DATA FOR ANALYSIS:
---*---
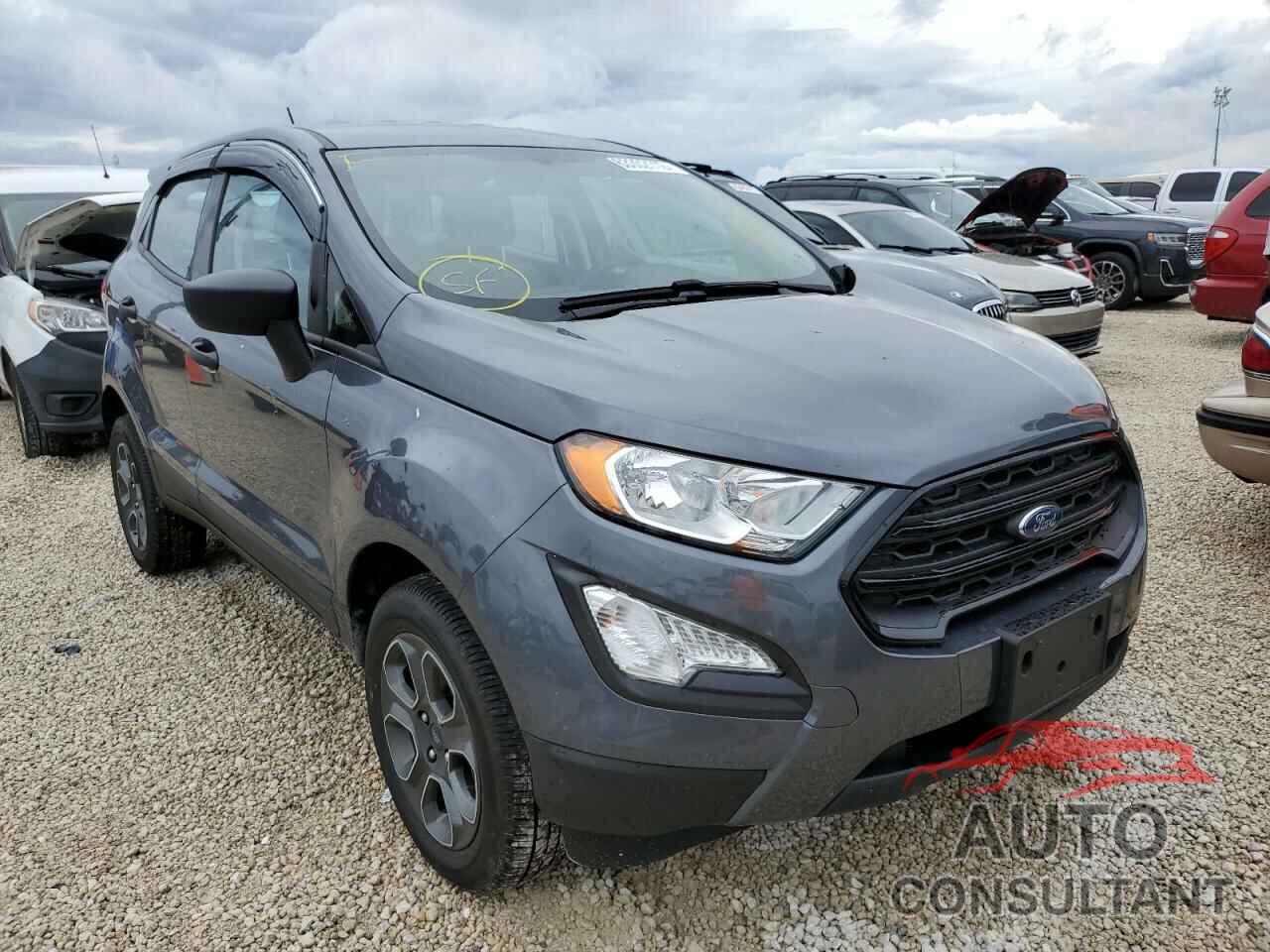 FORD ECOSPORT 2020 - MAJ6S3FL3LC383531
---*---
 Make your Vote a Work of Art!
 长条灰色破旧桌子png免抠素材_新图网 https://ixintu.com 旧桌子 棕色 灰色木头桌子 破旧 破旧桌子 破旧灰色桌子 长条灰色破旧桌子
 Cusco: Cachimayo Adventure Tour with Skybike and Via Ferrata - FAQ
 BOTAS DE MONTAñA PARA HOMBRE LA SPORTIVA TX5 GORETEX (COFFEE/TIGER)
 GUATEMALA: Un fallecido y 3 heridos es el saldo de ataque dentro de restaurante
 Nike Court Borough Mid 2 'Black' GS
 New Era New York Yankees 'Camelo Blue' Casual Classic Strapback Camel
---*---
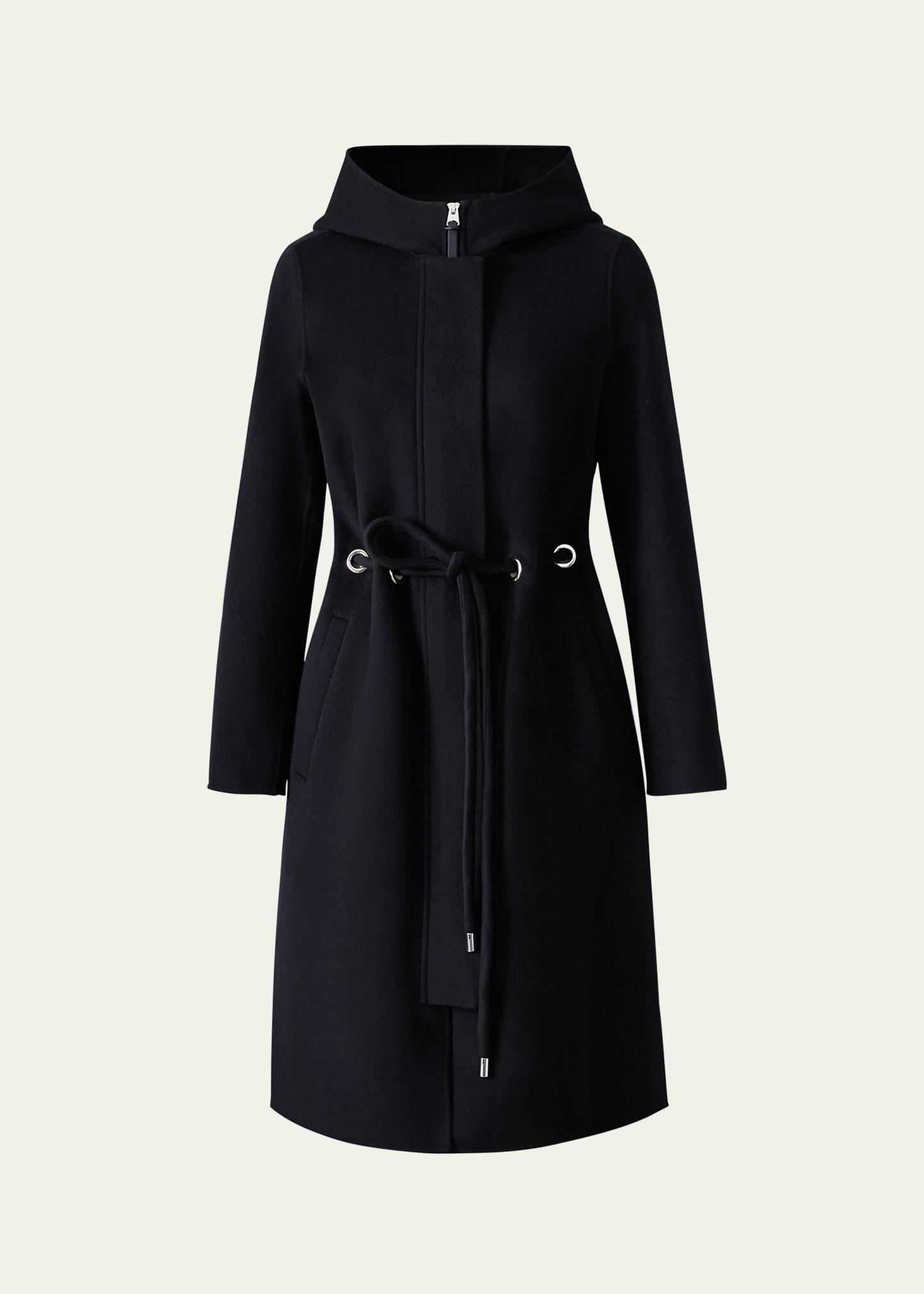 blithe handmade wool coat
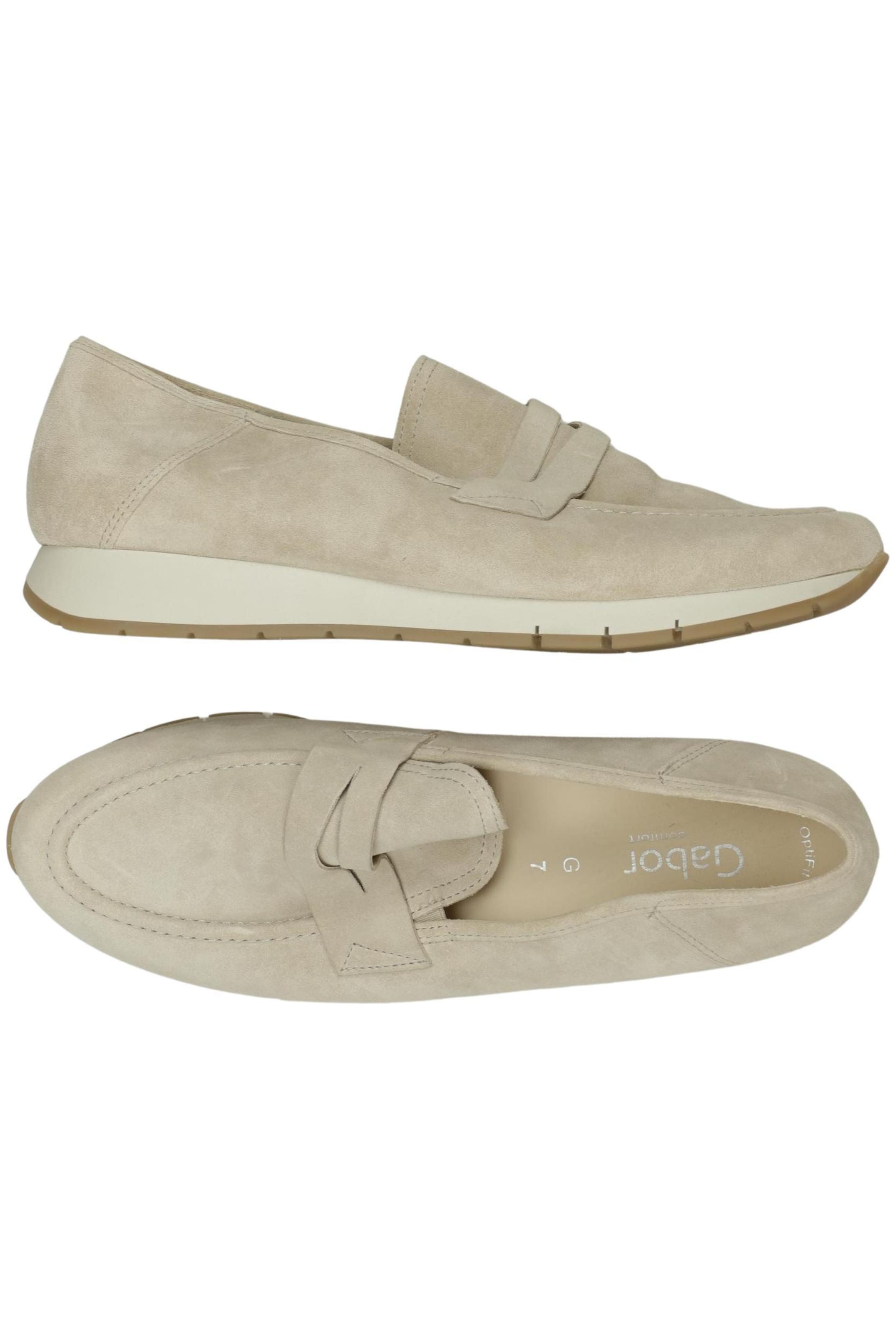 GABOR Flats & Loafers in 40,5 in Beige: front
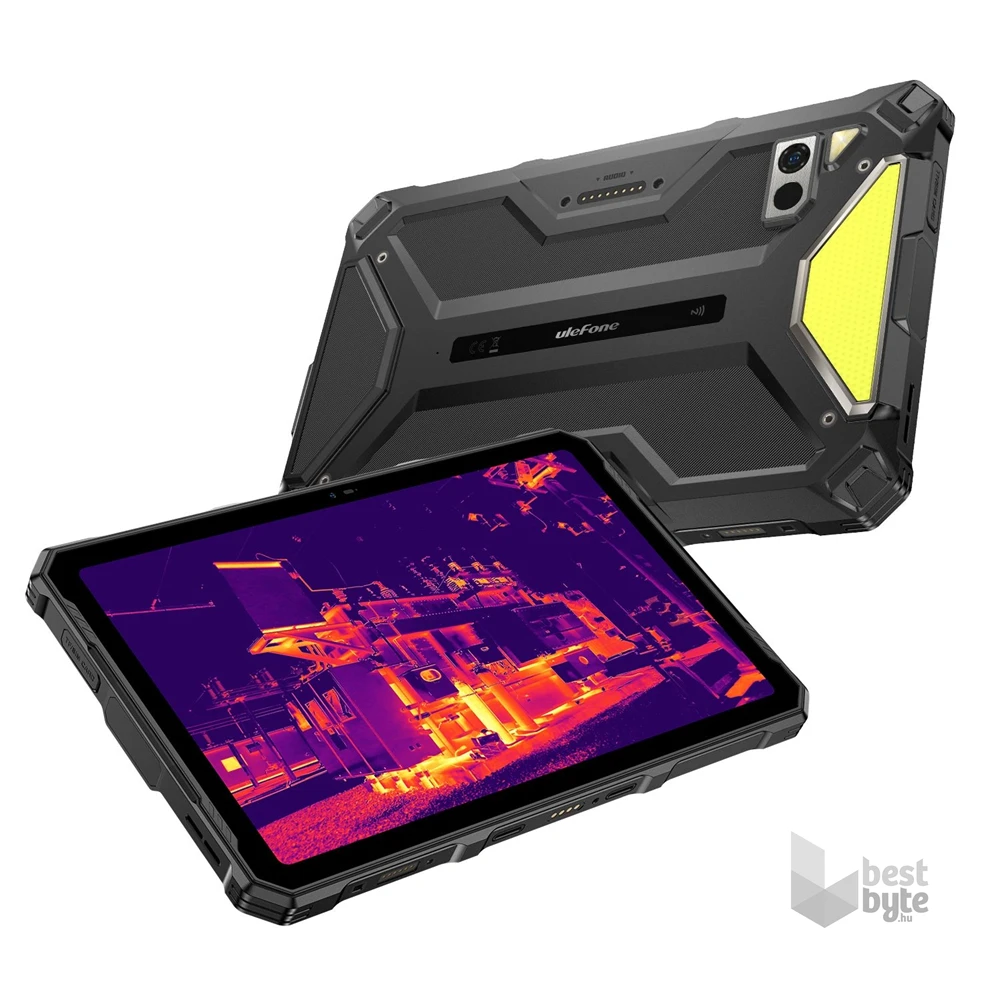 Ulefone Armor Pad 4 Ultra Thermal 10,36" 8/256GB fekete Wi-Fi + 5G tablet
---*---
ASSIGNMENT:
Return the span of lines in the data above that opens at the line with "Make your Vote a Work of Art!" and closes at the line with "Nike Court Borough Mid 2 'Black' GS", exactly, ends included, nothing else.

SOLVED PROBLEM:
 Make your Vote a Work of Art!
 长条灰色破旧桌子png免抠素材_新图网 https://ixintu.com 旧桌子 棕色 灰色木头桌子 破旧 破旧桌子 破旧灰色桌子 长条灰色破旧桌子
 Cusco: Cachimayo Adventure Tour with Skybike and Via Ferrata - FAQ
 BOTAS DE MONTAñA PARA HOMBRE LA SPORTIVA TX5 GORETEX (COFFEE/TIGER)
 GUATEMALA: Un fallecido y 3 heridos es el saldo de ataque dentro de restaurante
 Nike Court Borough Mid 2 'Black' GS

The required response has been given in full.